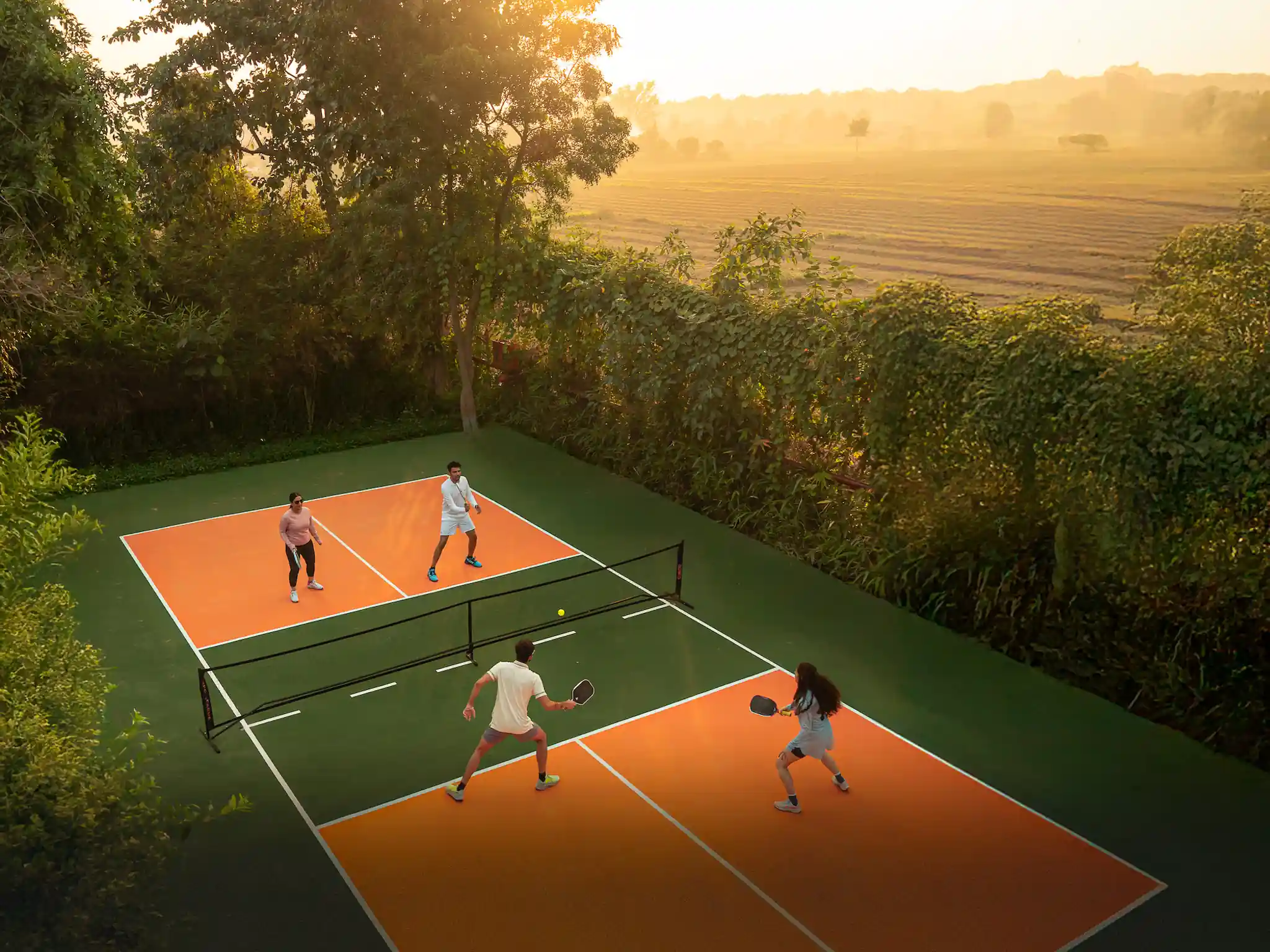 Pickleball court in the forest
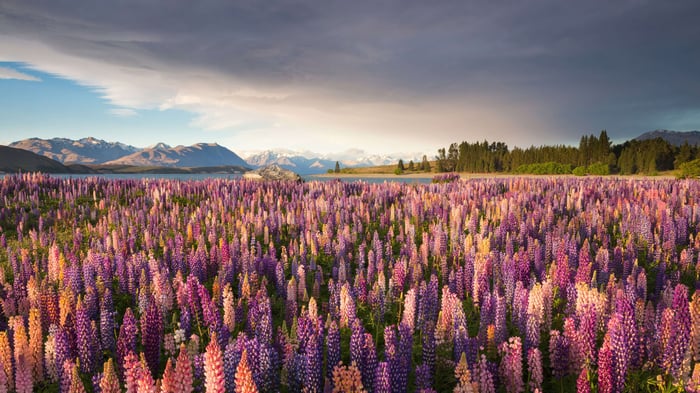 Russell Lupine Flower Garden At Tekapo Lake In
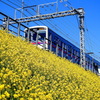 菜の花電車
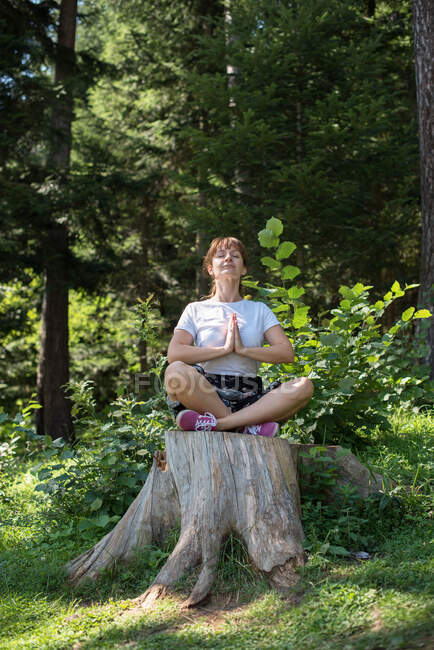 Mulher sentada em um toco de árvore meditando, Bósnia e Herzegovina — Fotografia de Stock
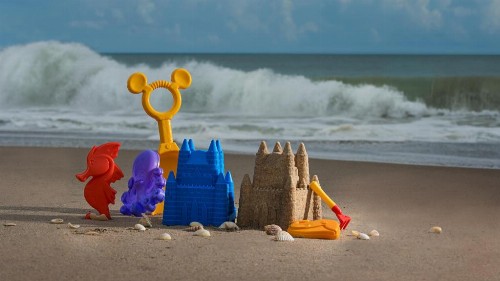 Disney's Vero Beach Resort - image 15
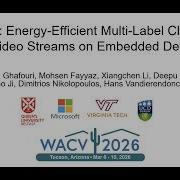 Polymorph Energy Efficient Multi Label Classification For Video Streams On Embedded Devices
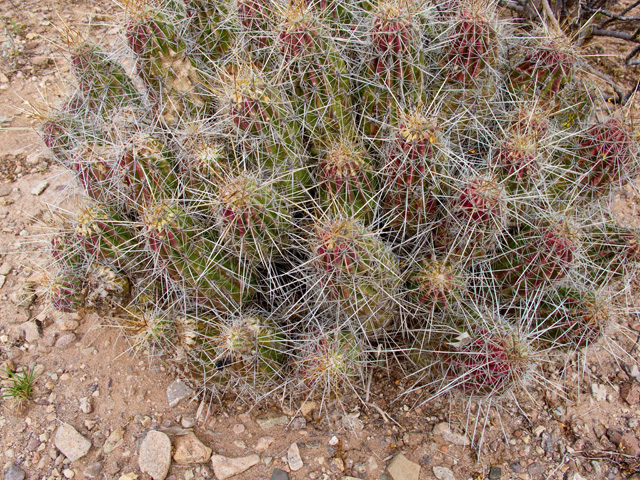 Echinocereus stramineus (Strawberry hedgehog cactus) #49759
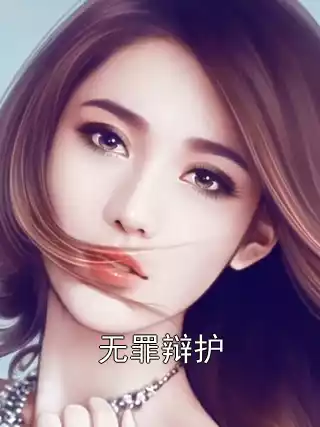 无罪辩护小说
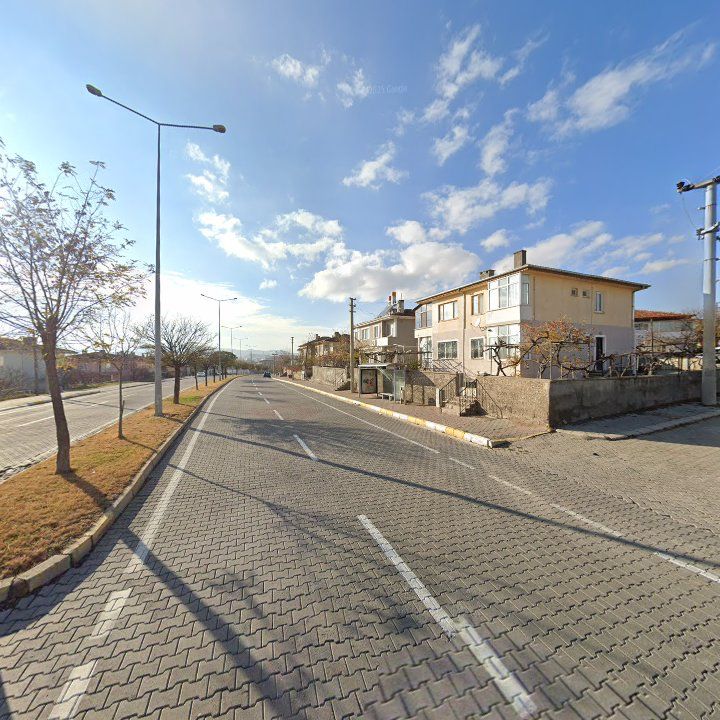 Fotoğraf 12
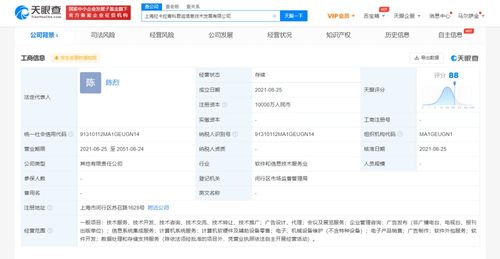 數(shù)據(jù)處理與存儲支持服務 企業(yè)數(shù)字化轉型的基石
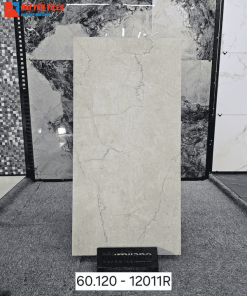 Gạch Ấn độ 60x120 mã 12011R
-------------------------
**EXERCISE DIRECTIONS:**
Word for word, copy the lines from the one with "Echinocereus stramineus (Strawberry" through the end of the entries above, and do not include any picture.

**RESULT OF THE EXERCISE:**
 Echinocereus stramineus (Strawberry hedgehog cactus) #49759
 无罪辩护小说
 Fotoğraf 12
 數(shù)據(jù)處理與存儲支持服務 企業(yè)數(shù)字化轉型的基石
 Gạch Ấn độ 60x120 mã 12011R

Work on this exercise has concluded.